Let me introduce you to "the near miss". . . where you report things that could have happened but didn't.

"A near miss is an event that could have been a workplace accident had things played out differently. Near miss reporting isn't required by federal OSHA but it is a common safety management practice. Keep a record of—and respond to—close call events to reduce the likelihood an injury or illness will occur." - first google quote I grabbed



The intent is good an based on a safety pyramid where there is typically a fatality for so many other type of smaller incidents (statistics). So the goal is to be hyper vigilant to anything that could cause injury and overall safety will increase. But in some rule based organizations it gets carried away and an untied shoe or a wet spot in the parking lot get written up.
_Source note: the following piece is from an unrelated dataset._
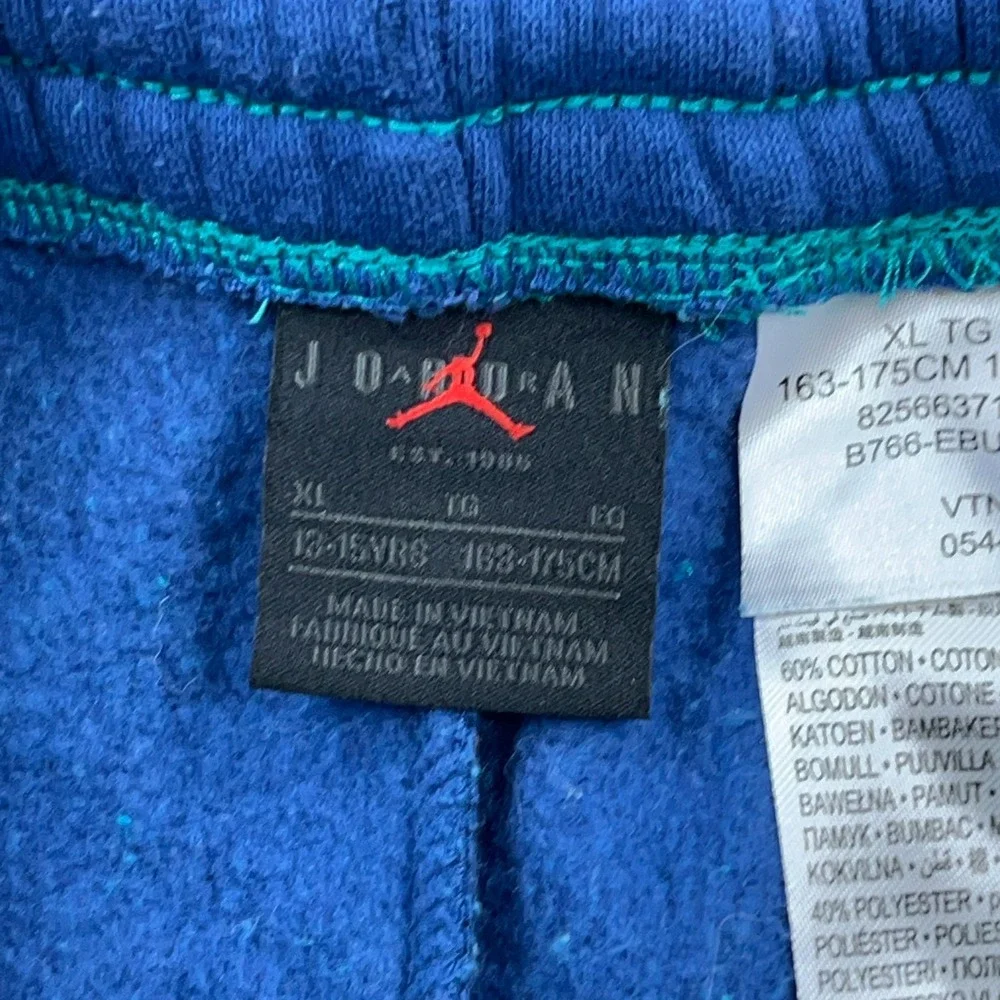 Jordan includes item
I am thinking of those pics of the tool that got spun up and went through the machine door and the block wall.

No blood no foul.....
 
At my former employer, we had a couple young guys running a press they really shouldn't have been running. They pretty much were dumb, and ignored all the safety rules, etc. Sure enough, a steel bar exited the press fast and hit one of them in the chest and went in. It was a big fiasco. He was hospitalized and there was the usual drawn out discussions on what happened and how was he doing and all that. A pat phrase began to float around..."The doctor said if that steel bar had been just a little to the left, it woulda pierced his heart and he'd be dead!"

He eventually received a half million dollar settlement, returned to work and is one of those employees who can't be fired for life. He was never a good worker, and now he does nothing all day which is actually a good thing because whatever he touches gets broken.

But what I remember is about 5 years after the incident, I was walking through the shop with John. He was our senior ME who was a brilliant engineer and, like a lot of older people, made of much better stuff than they're using nowadays. I saw the chest-injured guy across the shop and made some benign comment like 'Oh, there's Mike. Looks like he's back to work.'

John never missed a step and just said, "You know, it probably woulda been better for everyone if that steel bar had gone just a little to the left..."
 
Nearly had a stupid accident yesterday......Ive sold the land ,and cleaning up ....anyhoo ,new owners millenial son has been deputised to help me and ,I gather ,to speed me up.....he claims to be an engineer......I explained that if I have to keep climbing in and out of the crane ,things are slow ,so this guy is sent to hook up for me......Everything he does is wrong ,Im still in and out of the crane ,and he just doesnt comprehend .......yesterday ,he failed to grasp an explanation of how a plate clamp works ,pulled the release cord while the plate is lifted ,clamp doesnt release cause its deigned that way ,but on the way down it contacts another object ,plate free falls ,and misses his toes by millimeters ,at most...I just froze ,waiting for the scream.... then he slings up an old lathe weighs 4 tons or so......crane lifts ,lathe slips in the sling onto its end.I just crash it onto the end of the scrap bin ,flip it ,and drop it in....Marvellous.OSHA,sure.